No hubo más oportunidad: el archiduque resultó muerto a
raíz de aquello –con un balazo afortunadísimo (no para él) que le
destrozó la yugular- y el debutante (y mayúsculamente exitoso)
terrorista fue a dar con sus huesos en prisión, de la que ya no salió
vivo
. Todos sabemos lo que pasó en el momento que nuestros dos
personajes se encontraron, acaso entrecruzando un instante dramático sus
miradas, quién sabe si atisbando con la omnisciencia de los momentos
críticos una visión apocalíptica de acero hirviendo y estrépito
ensordecedor sobre un paisaje devastado de barro y trincheras, pero, ¿de
dónde venían?, ¿cómo habían sido sus respectivas existencias hasta
entonces?
Es fascinante trazar las vidas paralelas de ambos hasta su
estrepitosa intersección, sabiendo, mientras las reseguimos, de qué
manera brutal se iban a topar esos dos individuos a los que el destino
convirtió en mecha de la I Guerra Mundial.

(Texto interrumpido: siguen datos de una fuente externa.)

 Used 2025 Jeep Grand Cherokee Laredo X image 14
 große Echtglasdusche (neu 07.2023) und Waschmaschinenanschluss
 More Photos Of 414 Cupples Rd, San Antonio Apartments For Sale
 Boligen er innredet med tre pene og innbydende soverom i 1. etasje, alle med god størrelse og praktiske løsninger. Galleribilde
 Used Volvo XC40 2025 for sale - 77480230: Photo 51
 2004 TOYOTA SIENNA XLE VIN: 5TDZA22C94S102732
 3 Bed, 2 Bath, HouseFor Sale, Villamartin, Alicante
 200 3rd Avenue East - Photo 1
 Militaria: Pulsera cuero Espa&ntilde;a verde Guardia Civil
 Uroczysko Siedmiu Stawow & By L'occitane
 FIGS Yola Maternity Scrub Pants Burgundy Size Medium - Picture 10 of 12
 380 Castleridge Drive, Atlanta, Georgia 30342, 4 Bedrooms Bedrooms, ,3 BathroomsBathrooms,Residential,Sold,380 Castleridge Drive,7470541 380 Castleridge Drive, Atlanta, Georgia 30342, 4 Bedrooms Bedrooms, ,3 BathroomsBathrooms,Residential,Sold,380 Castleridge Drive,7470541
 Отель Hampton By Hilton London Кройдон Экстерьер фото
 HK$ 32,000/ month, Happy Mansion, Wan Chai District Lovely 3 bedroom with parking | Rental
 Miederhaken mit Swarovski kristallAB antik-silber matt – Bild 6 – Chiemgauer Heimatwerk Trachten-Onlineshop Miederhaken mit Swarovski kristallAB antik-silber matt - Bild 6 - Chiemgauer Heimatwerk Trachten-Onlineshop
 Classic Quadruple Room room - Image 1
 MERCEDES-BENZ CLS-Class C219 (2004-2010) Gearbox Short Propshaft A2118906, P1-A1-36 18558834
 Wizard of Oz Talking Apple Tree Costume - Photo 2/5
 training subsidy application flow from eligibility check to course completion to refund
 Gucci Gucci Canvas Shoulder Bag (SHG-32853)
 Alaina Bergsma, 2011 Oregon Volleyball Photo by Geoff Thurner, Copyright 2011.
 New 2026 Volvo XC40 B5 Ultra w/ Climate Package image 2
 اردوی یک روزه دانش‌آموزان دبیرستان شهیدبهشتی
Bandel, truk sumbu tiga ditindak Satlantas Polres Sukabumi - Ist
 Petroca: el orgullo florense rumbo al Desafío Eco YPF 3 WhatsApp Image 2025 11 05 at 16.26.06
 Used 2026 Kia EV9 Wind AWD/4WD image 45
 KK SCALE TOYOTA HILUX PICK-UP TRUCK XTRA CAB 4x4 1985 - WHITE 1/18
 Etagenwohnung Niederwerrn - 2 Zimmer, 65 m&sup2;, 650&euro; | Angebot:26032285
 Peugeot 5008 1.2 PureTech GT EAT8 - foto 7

Mi interés por Francisco Fernando, más allá de una natural
inclinación general por los militares aristócratas austrohúngaros y el
haber contemplado su guerrera ensangrentada (en el museo militar de
Viena), despertó especialmente al descubrir una foto suya disfrazado de
momia.
Efectivamente, durante una estancia en Egipto en 1896 el
archiduque se retrató asomando la cara por la abertura de un sarcófago
de pega para los turistas de entonces
. Una inscripción sobre la
fotografía lo identificaba como “Amenhoteph XXIII, faraón de Egipto” (en
realidad solo hubo cuatro Amenhoteph). Se le ve muy metido en el papel,
aunque desentonan sus célebres bigotes.
Reaccionario, clerical (Princip era ateo) y despótico, Francisco
Fernando (Graz, 1863-Sarajevo, 1914, claro), sobrino del emperador
Francisco José y su heredero desde 1889, era un típico producto de la
Casa de los Habsburgo, esa dinastía dedicada en buena medida desde hacía
tiempo a
survive in greatness, como decía el ilustre A. J. P. Taylor, aunque el archiduque, puro
k. und k.
(real e imperial) en tantas cosas –ya era teniente a los 12 años-,
tenía sus particularidades
. Era un apasionado de las rosas (un mes antes
de su muerte estaba en un show floral en Chelsea), un alma fascinada
por las ciencias naturales, buen conocedor de las aves, un irredento
viajero deseoso de experiencias nuevas y quién lo hubiera dicho, ¡un
excelente autor de literatura de viajes!, como permite descubrir la
entretenidísima lectura de su diario del gran
tour que realizó
en 1892-1893, de Trieste a Japón, y que le llevó a lugares tan exóticos
como Ceilán, Nepal, Java, Sarawak, Nueva Guinea o las Islas Solomon
.
Hombre lleno de curiosidad anota la interesante visión en un museo de
Calcuta del pie de un niño indio recuperado del estómago de un
cocodrilo.
Francisco Fernando viajaba, eso sí,
in style, y en esa ocasión lo hizo en uno de los más modernos buques de guerra de la flota imperial, el crucero
SMS Kaiserin Elisabeth,
de cuatro mil toneladas y con una tripulación de 450 oficiales y
marineros (el barco fue hundido luego por aviación naval en el primer
año de la guerra cerca de Quingdao, China).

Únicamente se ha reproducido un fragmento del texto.